After a burst of activity in the early to mid 1990s, there was a lull in work on incremental indexing until a series of papers by Lester et al. [?, ?]. Their basic strategy was to first perform in-memory inversion within a bounded buffer, for example, using the technique of Heinz and Zobel [?]. Inevitably (under the assumptions of limited memory), postings must be flushed to disk. Lester et al. outlined three options for what to do once memory is exhausted: rebuild the index on disk from scratch (not very practical), modify postings in place on disk (practical only for small updates), or to selectively merge in-memory and on-disk segments and rewrite to another region on disk. In particular, they explored a geometric partitioning and hierarchical merging strategy that limits the number of outstanding partitions, thereby controlling query costs. The same basic idea was described at around the same time by Büttcher et al. [?], who called their approach “logarithmic merge”. Both approaches were subsequently generalized by Guo et al. [?], who introduced a method to dynamically adjust the sequence of segment merges. Recently, researchers have applied some of these techniques to solid state disks (SSDs) [?], which manifest performance characteristics that are different from both RAM and disk; however, a full discussion of SSDs is beyond the scope of this work.
Using the basic buffer-and-flush approach, Margaritis and Anastasiadis [?] make a different design choice: when the in-memory buffer reaches capacity, instead of flushing the entire in-memory index, they choose to flush only a portion of the term space (a contiguous range of terms based on lexicographic sort order), performing a merge with the corresponding on-disk portions of the inverted lists. The advantage of this is that it does not lead to a proliferation of index segments, compared to Lester et al. [?].

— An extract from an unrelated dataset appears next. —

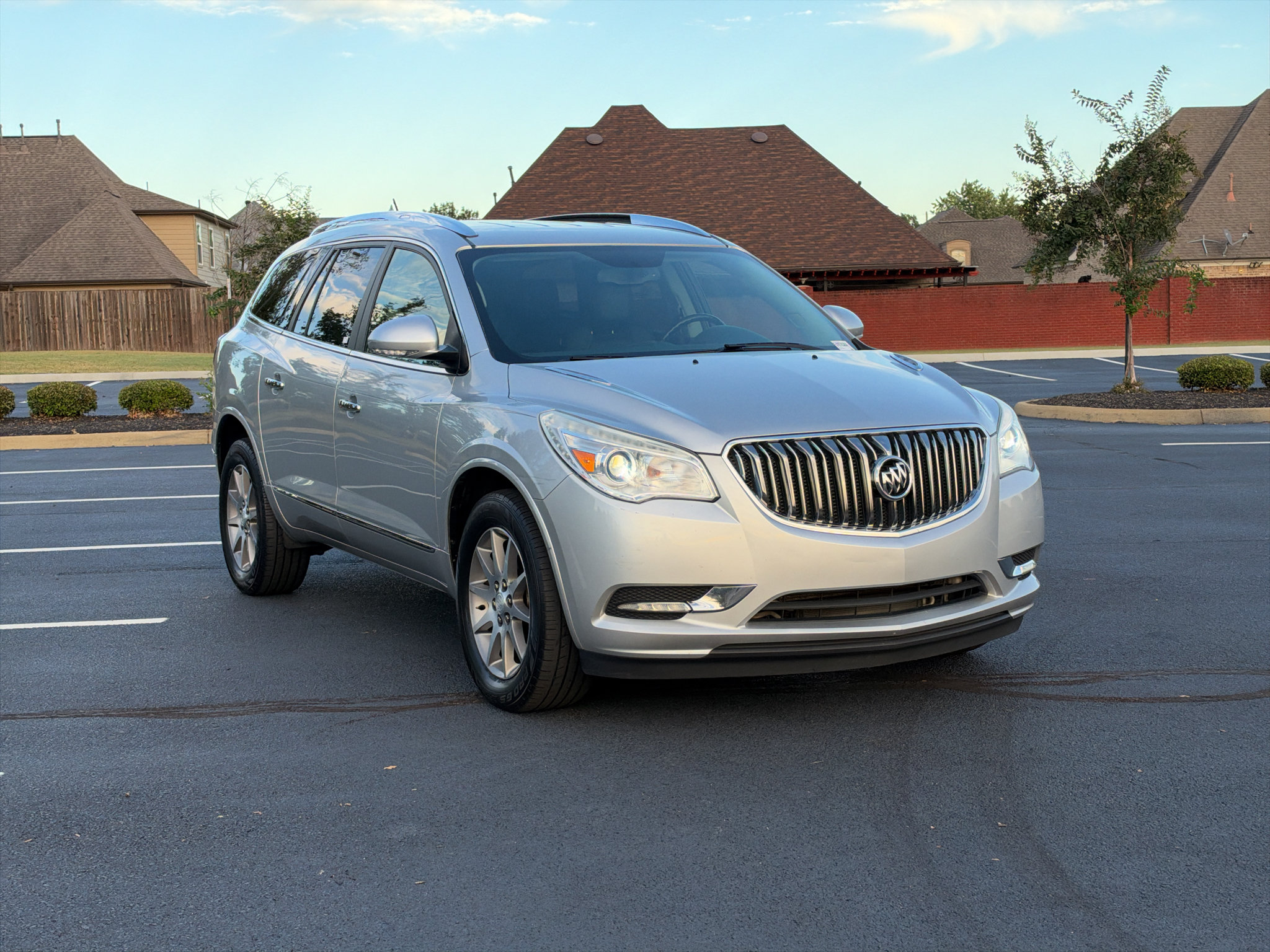 Used 2015 Buick Enclave Leather FWD image 3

The above review focuses on incremental indexing, but of course, there has been a lot of work on indexing in general; see [?] for a survey. One way to ensure contiguous postings lists is to adopt a two-pass approach [?, ?, ?], which is impractical for incremental indexing. Moffat and Bell [?] proposed a single-pass, sort-based approach (later improved by Heinz and Zobel [?]): in their method, whenever memory is exhausted, the in-memory postings are flushed to disk as separate index segments. A final post-processing step merges these individual segments into a single index. Again, this approach is unsuitable for incremental indexing.
In terms of work specifically focused on in-memory indexing, Luk and Lam [?] proposed an in-memory storage allocation scheme based on variable-size linked lists. However, it is unclear if the approach is scalable: they only report experiments on old TREC collections that are over an order of magnitude smaller than the ones we explore here. Furthermore, their work used a relatively inefficient technique for postings compression (variable-length integers) and does not build full positional indexes, as we do.
Recently, Busch et al. [?] detailed the architecture of Earlybird, the in-memory retrieval engine that powers Twitter’s real-time search. The design takes advantage of the fact that tweets are very short and incorporates a number of optimizations that do not work in the general case—it cannot handle arbitrary collections, as we do. Earlybird adopts a federated architecture, where each server holds a dozen separate index segments, only one of which (the “active” segment) ingests new tweets. In the active segment, postings are not compressed, which simplifies the indexing algorithm. In contrast, we build a single monolithic index and compress postings on the fly, representing a different point in the design space of possible in-memory architectures.
Our indexer consists of three main components, depicted in Figure Fast, Incremental Inverted Indexing in Main Memory for Web-Scale Collections: the dictionary, buffer maps, and the segment pool. The basic indexing approach is to accumulate postings in the buffer maps in an uncompressed form until the buffer fills up, and then to “flush” the contents to the segment pool, where the final compressed postings lists reside. Note that in this approach the inverted lists are discontiguous; we return to address this issue in Section Fast, Incremental Inverted Indexing in Main Memory for Web-Scale Collections.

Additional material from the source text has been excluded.